Directions for this task. Repeat only the lines below that run from the line with "I Carnaval Adaptado de Totana - 124" to the line with "Trixie mobiel - reiger", ends included; skip every picture.

··· Data extracts ···

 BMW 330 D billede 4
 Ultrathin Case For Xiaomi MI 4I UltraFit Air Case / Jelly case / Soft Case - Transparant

···
··· Data extracts ···

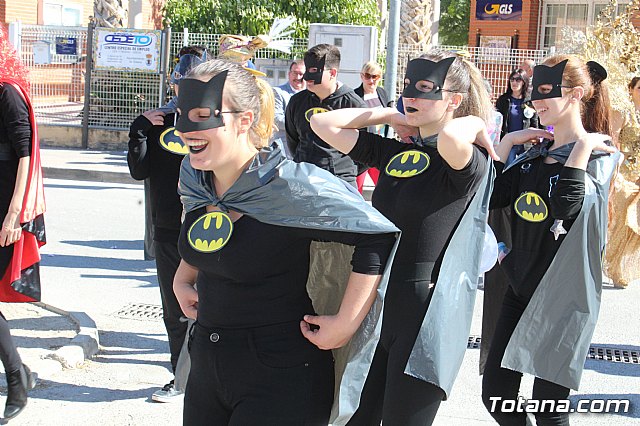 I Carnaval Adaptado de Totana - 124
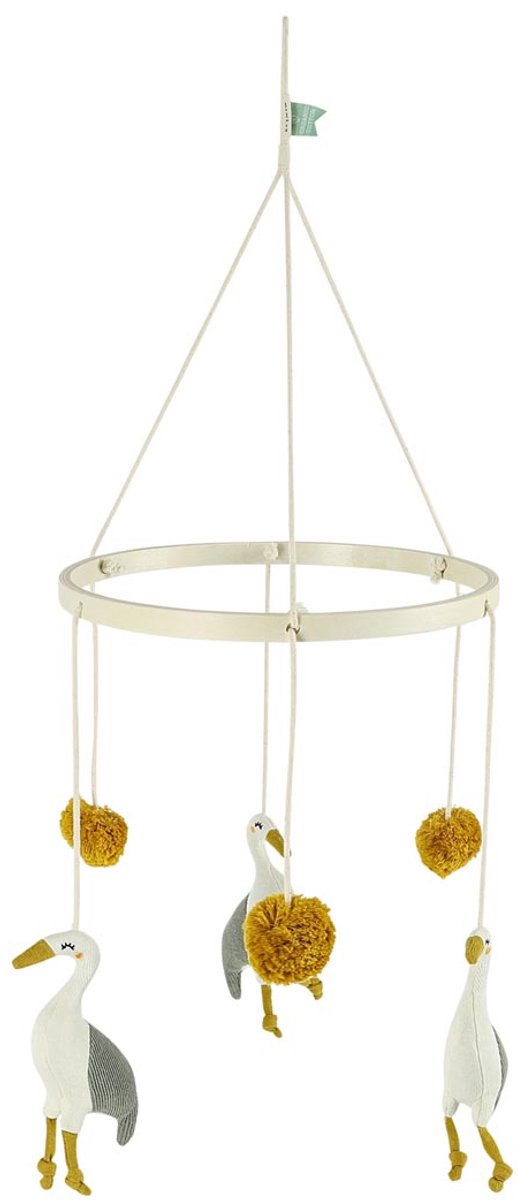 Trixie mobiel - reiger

···
··· Data extracts ···

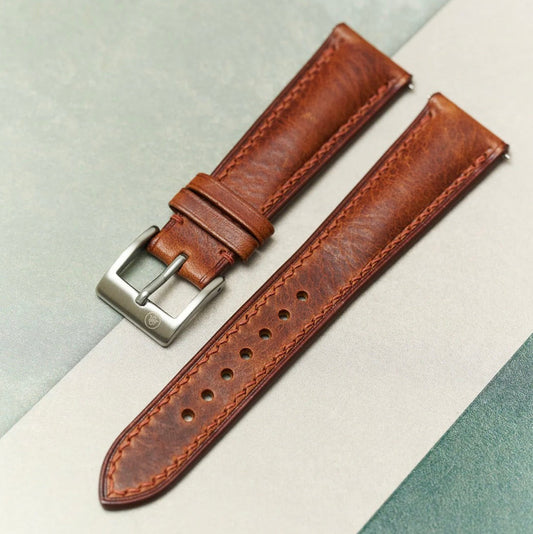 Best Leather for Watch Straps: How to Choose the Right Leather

···

Completed exercise.
 I Carnaval Adaptado de Totana - 124
 Trixie mobiel - reiger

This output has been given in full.